DATA SEGMENT

# # #

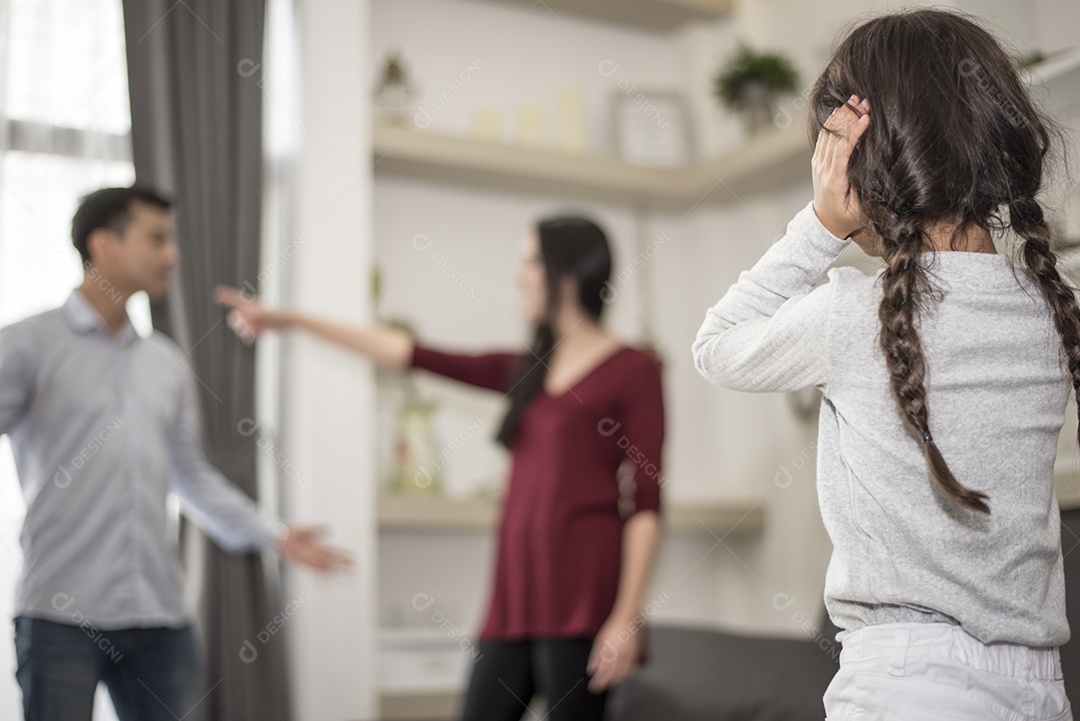 Na visão de trás, a garotinha coloca as mãos nos ouvidos porque não quer ouvir a briga do pai e da mãe. ouvidos fechados, cena dramática familiar, questões de pais, conceito de problema social e de pais.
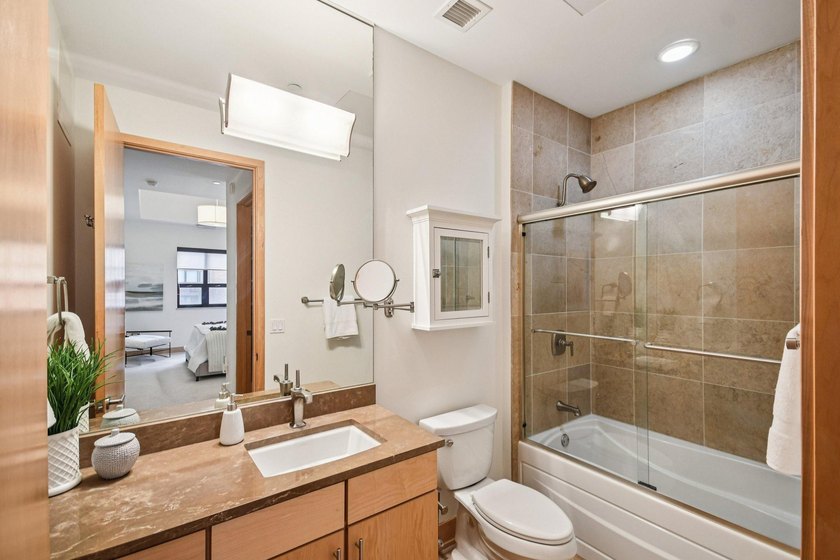 Step into effortless downtown living in this beautifully - photo 14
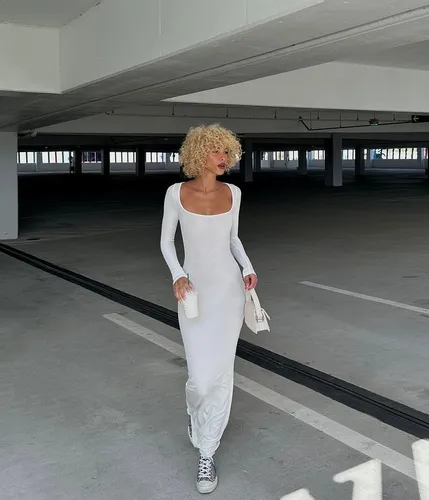 Try on this voluminous curly blonde hairstyle perfect for a chic look.
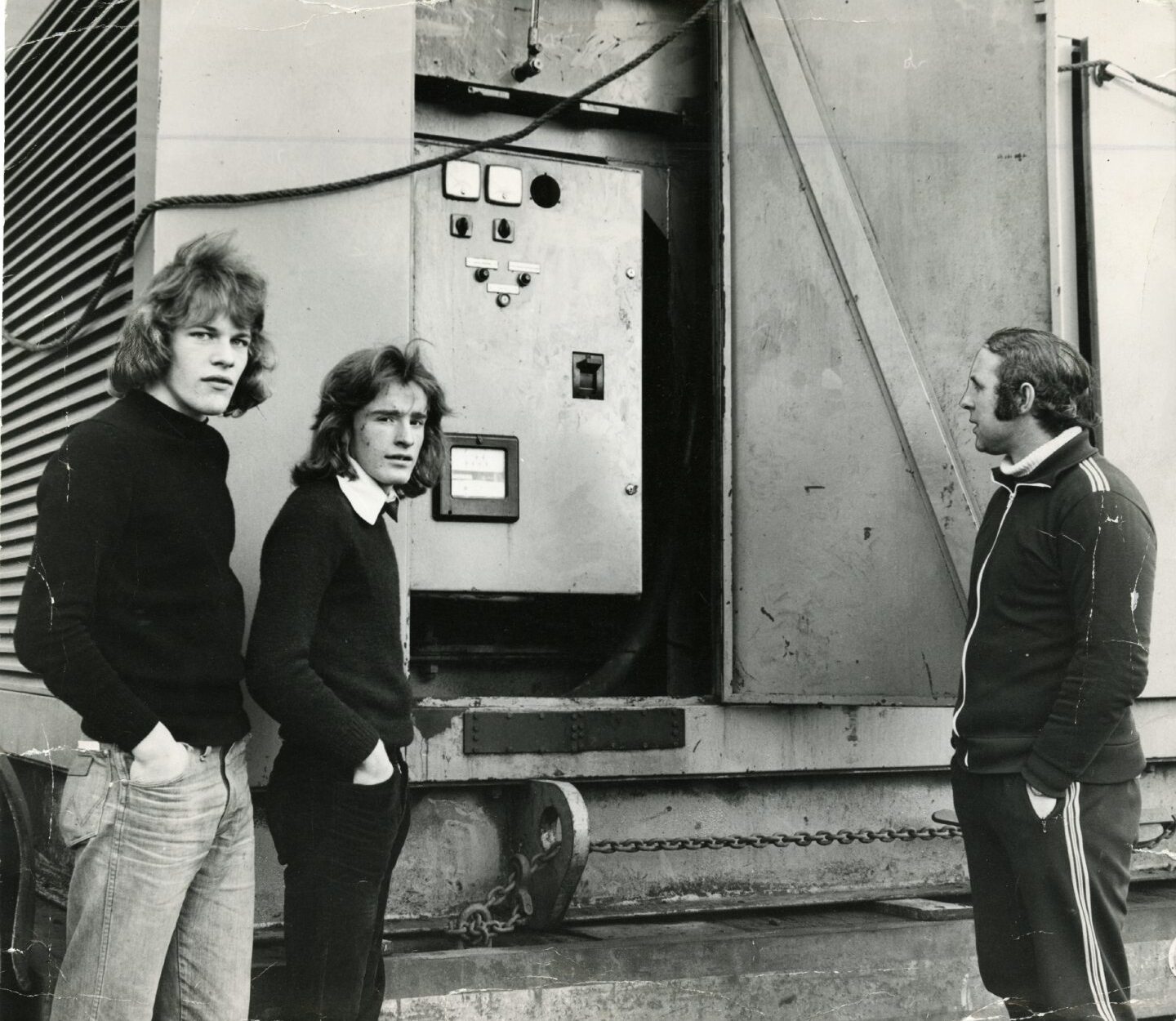 Players Andy Gray and Graeme Payne and manager Jim McLean beside a big generator at Tannadice in 1973. It was there to power the floodlights during the energy crisis in December 1973.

# # #

TASK REQUIREMENTS
What the reply must contain is an exact transcription of the data above and none of its pictures.

ANSWER
 Na visão de trás, a garotinha coloca as mãos nos ouvidos porque não quer ouvir a briga do pai e da mãe. ouvidos fechados, cena dramática familiar, questões de pais, conceito de problema social e de pais.
 Step into effortless downtown living in this beautifully - photo 14
 Try on this voluminous curly blonde hairstyle perfect for a chic look.
 Players Andy Gray and Graeme Payne and manager Jim McLean beside a big generator at Tannadice in 1973. It was there to power the floodlights during the energy crisis in December 1973.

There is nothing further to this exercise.